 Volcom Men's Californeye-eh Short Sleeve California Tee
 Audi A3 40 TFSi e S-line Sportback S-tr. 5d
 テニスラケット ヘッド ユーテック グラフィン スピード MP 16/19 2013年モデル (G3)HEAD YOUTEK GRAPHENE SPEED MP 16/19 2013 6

########

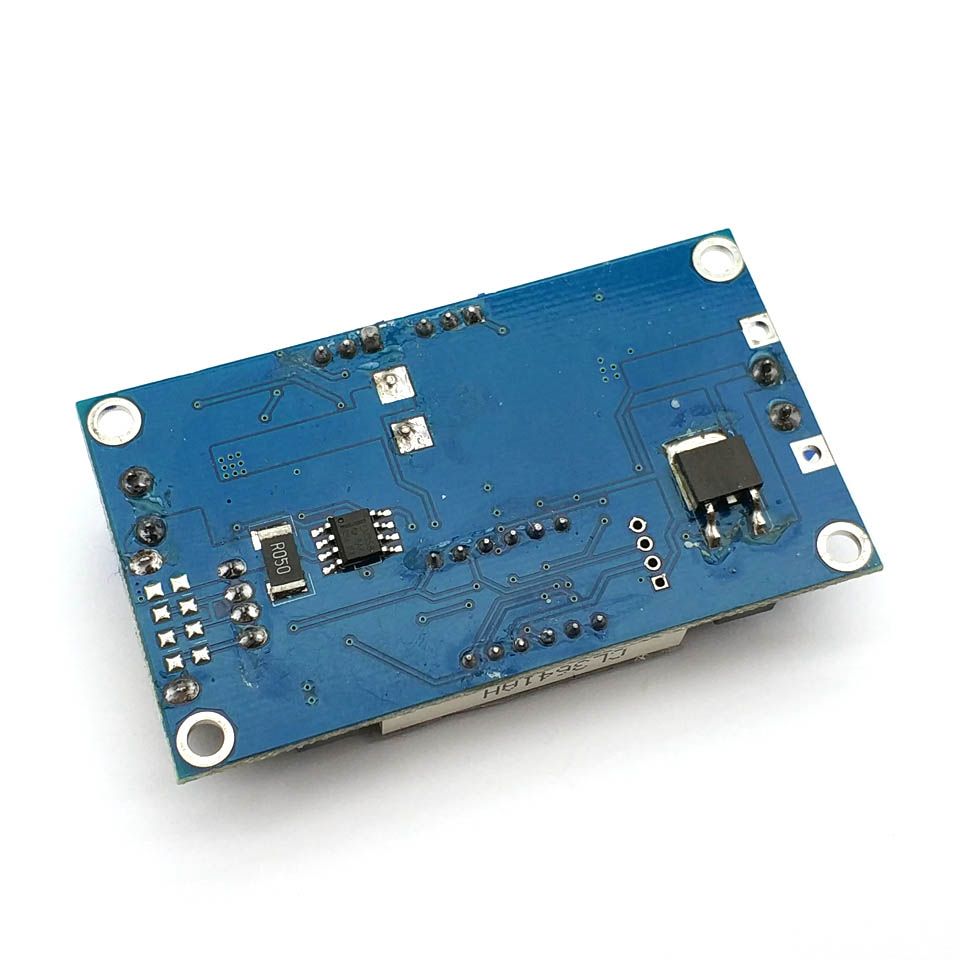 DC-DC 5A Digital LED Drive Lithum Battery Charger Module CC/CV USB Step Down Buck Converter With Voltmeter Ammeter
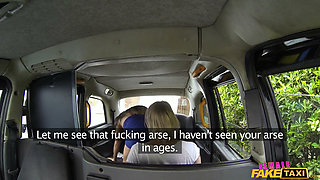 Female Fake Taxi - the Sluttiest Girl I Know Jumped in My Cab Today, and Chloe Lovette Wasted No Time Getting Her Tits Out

########

# [HOW TO COMPLETE THIS TASK]
Above are some entries. Restate word for word the lines from the one holding "DC-DC 5A Digital" through the one holding "Female Fake Taxi", but not the pictures.

# [EXERCISE OUTPUT]
 DC-DC 5A Digital LED Drive Lithum Battery Charger Module CC/CV USB Step Down Buck Converter With Voltmeter Ammeter
 Female Fake Taxi - the Sluttiest Girl I Know Jumped in My Cab Today, and Chloe Lovette Wasted No Time Getting Her Tits Out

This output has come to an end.